_Supplied material_:

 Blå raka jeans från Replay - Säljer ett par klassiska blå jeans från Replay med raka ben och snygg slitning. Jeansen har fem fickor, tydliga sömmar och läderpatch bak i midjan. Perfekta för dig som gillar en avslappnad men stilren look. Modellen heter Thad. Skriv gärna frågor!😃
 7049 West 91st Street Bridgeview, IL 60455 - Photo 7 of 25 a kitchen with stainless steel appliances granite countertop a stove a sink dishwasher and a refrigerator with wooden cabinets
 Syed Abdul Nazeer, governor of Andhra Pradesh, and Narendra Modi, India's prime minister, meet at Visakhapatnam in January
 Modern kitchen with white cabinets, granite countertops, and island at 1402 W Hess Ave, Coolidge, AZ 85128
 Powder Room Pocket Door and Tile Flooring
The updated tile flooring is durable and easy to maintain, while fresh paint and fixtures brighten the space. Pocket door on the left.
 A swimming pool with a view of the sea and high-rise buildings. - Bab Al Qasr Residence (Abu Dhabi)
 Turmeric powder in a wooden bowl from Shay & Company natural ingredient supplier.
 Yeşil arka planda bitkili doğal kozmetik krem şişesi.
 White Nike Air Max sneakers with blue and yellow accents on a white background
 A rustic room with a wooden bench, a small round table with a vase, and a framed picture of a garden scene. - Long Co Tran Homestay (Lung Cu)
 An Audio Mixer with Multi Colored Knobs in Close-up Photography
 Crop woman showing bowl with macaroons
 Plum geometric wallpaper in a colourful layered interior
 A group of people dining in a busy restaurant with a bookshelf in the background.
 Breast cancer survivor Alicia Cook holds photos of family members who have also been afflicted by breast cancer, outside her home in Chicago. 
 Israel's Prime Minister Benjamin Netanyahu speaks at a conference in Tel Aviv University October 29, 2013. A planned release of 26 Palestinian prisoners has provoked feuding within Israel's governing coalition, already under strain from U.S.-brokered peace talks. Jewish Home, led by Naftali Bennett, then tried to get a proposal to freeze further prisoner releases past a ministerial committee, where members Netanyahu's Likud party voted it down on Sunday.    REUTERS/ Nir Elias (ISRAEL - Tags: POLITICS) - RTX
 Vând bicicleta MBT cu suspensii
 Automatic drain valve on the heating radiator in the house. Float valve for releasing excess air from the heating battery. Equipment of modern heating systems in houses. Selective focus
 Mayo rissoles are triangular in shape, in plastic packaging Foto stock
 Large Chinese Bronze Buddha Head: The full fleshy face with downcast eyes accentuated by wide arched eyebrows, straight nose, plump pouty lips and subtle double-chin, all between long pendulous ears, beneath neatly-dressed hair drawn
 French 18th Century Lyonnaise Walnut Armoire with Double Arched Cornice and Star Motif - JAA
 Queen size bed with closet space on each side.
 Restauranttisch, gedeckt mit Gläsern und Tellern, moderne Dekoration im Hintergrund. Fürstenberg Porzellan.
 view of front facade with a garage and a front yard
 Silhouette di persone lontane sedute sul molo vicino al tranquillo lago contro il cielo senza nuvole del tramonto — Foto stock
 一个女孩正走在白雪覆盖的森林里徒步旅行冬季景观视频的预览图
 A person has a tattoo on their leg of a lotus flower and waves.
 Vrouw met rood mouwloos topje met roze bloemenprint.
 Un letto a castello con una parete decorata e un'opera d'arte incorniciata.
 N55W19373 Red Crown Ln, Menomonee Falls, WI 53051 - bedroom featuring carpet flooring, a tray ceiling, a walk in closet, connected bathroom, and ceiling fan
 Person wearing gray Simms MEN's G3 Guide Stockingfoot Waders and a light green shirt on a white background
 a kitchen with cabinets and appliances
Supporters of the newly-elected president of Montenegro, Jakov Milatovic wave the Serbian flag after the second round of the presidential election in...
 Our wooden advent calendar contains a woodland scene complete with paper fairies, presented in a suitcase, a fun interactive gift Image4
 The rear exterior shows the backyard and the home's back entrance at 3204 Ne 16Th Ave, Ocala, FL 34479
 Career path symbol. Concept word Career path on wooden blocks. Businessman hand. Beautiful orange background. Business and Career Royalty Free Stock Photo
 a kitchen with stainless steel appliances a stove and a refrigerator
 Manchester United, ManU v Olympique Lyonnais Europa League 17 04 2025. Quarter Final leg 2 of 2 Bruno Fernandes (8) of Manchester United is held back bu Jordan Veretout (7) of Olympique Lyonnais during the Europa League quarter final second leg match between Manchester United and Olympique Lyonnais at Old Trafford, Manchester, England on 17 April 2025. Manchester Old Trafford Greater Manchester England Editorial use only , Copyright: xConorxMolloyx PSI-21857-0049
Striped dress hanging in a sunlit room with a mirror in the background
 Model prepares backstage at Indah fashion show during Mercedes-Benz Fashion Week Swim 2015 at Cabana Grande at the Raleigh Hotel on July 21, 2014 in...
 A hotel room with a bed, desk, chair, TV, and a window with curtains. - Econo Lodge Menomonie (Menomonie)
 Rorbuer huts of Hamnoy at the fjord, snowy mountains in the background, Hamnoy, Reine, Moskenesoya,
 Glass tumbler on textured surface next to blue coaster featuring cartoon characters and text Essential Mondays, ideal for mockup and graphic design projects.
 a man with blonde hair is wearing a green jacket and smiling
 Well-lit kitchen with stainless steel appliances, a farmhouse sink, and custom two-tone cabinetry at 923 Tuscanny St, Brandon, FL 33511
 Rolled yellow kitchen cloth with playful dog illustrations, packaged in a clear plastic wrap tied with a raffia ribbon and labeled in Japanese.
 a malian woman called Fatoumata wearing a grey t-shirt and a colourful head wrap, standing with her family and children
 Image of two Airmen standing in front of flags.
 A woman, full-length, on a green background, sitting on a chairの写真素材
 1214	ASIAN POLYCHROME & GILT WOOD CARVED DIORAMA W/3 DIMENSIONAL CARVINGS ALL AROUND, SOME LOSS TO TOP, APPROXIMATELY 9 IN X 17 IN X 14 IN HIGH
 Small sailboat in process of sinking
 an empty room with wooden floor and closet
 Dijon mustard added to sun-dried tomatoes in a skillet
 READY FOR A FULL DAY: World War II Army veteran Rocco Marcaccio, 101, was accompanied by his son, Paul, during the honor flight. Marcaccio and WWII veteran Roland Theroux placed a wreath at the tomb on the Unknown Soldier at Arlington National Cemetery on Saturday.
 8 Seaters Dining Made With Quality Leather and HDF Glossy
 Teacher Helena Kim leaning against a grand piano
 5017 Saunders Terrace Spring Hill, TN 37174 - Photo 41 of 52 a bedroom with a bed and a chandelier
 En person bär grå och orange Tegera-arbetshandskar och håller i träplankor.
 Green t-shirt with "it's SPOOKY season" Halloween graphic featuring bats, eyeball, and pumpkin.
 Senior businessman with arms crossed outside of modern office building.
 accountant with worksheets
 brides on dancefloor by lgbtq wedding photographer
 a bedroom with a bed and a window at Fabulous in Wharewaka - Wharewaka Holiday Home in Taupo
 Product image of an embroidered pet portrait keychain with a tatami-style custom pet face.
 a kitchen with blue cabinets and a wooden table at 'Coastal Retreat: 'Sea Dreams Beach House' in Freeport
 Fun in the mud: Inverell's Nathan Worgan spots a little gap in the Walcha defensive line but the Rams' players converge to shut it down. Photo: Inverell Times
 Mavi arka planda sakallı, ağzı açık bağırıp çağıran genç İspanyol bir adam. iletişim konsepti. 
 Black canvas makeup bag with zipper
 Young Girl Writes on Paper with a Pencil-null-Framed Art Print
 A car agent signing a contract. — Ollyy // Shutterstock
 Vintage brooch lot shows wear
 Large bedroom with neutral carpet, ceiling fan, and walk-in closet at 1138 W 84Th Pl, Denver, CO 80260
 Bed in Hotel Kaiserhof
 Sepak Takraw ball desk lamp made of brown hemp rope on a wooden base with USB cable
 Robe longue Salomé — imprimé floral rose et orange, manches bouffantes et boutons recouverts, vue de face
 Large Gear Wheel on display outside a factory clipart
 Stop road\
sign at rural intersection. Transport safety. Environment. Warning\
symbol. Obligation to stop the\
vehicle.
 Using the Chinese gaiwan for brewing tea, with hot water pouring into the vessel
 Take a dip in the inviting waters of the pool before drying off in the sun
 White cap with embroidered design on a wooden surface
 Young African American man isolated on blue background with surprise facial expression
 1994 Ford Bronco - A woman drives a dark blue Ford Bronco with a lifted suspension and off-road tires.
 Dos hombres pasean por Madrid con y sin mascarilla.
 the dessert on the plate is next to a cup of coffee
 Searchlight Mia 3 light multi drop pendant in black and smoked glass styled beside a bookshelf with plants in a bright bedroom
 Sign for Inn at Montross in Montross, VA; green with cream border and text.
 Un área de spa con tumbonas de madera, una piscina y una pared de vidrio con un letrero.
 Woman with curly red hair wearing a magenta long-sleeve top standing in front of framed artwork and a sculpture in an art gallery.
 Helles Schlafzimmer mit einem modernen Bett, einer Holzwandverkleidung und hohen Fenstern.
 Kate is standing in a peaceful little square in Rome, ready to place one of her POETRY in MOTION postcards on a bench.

_Required work_: Above this instruction are the records; retype exactly the lines from the one containing "En person bär" up to and including the one containing "a kitchen with blue".

_Result_:
 En person bär grå och orange Tegera-arbetshandskar och håller i träplankor.
 Green t-shirt with "it's SPOOKY season" Halloween graphic featuring bats, eyeball, and pumpkin.
 Senior businessman with arms crossed outside of modern office building.
 accountant with worksheets
 brides on dancefloor by lgbtq wedding photographer
 a bedroom with a bed and a window at Fabulous in Wharewaka - Wharewaka Holiday Home in Taupo
 Product image of an embroidered pet portrait keychain with a tatami-style custom pet face.
 a kitchen with blue cabinets and a wooden table at 'Coastal Retreat: 'Sea Dreams Beach House' in Freeport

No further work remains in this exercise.